En un contexto muy diferente, algunas dinámicas parecidas se están provocando en la actualidad. Debemos de tener en cuenta una de las estrategias políticas más dañinas de nuestra historia reciente. Después de haber obstaculizado, criticado y no votado la Constitución democrática de 1978, la derecha española decidió en un momento apropiarse de la Constitución y expulsar simbólicamente de ella a los españoles que no compartieran sus ideas como si fuesen traidores o heterodoxos llamados a convivir con el demonio y el crimen. Esa reapropiación de la Constitución está bien representada hoy por un Tribunal Constitucional que recibe numerosas demandas de la extrema derecha para obstaculizar la labor parlamentaria de una sociedad democrática.
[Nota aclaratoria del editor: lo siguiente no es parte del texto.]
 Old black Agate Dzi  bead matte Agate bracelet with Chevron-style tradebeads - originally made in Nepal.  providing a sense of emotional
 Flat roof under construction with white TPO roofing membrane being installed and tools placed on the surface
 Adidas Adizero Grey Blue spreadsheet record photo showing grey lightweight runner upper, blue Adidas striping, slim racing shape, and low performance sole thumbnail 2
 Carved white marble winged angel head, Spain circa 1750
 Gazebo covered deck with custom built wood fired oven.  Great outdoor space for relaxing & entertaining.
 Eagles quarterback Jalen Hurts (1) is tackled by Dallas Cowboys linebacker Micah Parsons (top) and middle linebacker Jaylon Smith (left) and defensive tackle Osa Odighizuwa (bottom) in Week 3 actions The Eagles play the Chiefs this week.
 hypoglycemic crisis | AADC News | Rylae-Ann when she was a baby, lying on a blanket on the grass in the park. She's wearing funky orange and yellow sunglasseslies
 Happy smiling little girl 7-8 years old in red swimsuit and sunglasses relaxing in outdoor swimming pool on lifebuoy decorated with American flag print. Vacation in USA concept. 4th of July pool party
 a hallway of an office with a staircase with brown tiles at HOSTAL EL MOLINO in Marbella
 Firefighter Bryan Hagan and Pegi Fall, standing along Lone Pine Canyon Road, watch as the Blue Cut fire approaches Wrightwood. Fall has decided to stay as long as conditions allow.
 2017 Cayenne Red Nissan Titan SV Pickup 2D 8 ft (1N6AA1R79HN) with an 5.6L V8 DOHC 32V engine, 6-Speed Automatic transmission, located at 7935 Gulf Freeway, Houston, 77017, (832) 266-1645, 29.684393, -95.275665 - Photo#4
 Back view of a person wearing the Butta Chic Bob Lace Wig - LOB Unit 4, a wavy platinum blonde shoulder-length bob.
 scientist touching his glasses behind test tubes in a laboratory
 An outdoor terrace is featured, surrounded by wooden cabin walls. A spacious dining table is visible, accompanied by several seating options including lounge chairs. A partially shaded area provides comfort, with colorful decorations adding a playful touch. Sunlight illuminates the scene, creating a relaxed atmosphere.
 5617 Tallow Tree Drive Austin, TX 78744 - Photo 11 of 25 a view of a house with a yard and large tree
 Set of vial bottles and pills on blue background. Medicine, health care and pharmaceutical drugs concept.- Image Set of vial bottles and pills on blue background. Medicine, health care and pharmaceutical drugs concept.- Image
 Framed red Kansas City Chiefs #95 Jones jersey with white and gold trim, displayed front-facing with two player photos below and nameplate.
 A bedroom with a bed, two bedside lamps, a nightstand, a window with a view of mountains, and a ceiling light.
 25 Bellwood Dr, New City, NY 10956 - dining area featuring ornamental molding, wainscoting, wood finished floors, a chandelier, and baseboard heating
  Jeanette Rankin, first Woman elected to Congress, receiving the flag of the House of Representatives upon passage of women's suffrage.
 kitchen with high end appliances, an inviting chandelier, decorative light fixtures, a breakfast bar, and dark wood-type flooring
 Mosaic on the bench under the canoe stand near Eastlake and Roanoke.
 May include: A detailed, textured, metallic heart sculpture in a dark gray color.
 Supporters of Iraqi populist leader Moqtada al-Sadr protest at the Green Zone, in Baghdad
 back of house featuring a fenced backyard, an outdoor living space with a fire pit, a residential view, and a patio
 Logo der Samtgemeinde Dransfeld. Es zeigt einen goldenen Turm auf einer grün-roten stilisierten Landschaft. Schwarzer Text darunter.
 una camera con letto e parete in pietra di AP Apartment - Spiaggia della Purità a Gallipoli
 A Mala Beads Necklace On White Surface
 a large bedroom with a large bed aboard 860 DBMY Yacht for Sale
Son muy de agradecer los numerosos artículos de magistrados, jueces, fiscales y expertos constitucionalistas que analizan las debilidades y maniobras de los argumentos utilizados en sus sentencias por los vocales dominantes del Tribunal Constitucional. Pero, por desgracia, los efectos a largo plazo serán irremediables: una nueva desconfianza en el Estado español (en Europa y dentro de España) y el descrédito de la Justicia compartida entre la gente. La legalidad es un valor fundamental para una democracia. Y no se tratará de que el pueblo llegue a distinguir entre buenos y malos jueces, sino de un proceso dañino que santifique la ley del más fuerte y favorezca, como único comportamiento posible, la ruptura de los marcos de convivencia.
Por si nos faltara algo, se bloquea el mandato constitucional de la renovación del Consejo General del Poder Judicial mientras los tribunales están juzgando por corrupción a algunos políticos responsables de los nombramientos del caducado Poder Judicial. En este contexto, es muy grave que se llamen constitucionalistas y que pongan la Constitución a su servicio los que quieren identificar a España, al buen español, con el machismo, el supremacismo, la homofobia y el desprecio a la libertad de conciencia.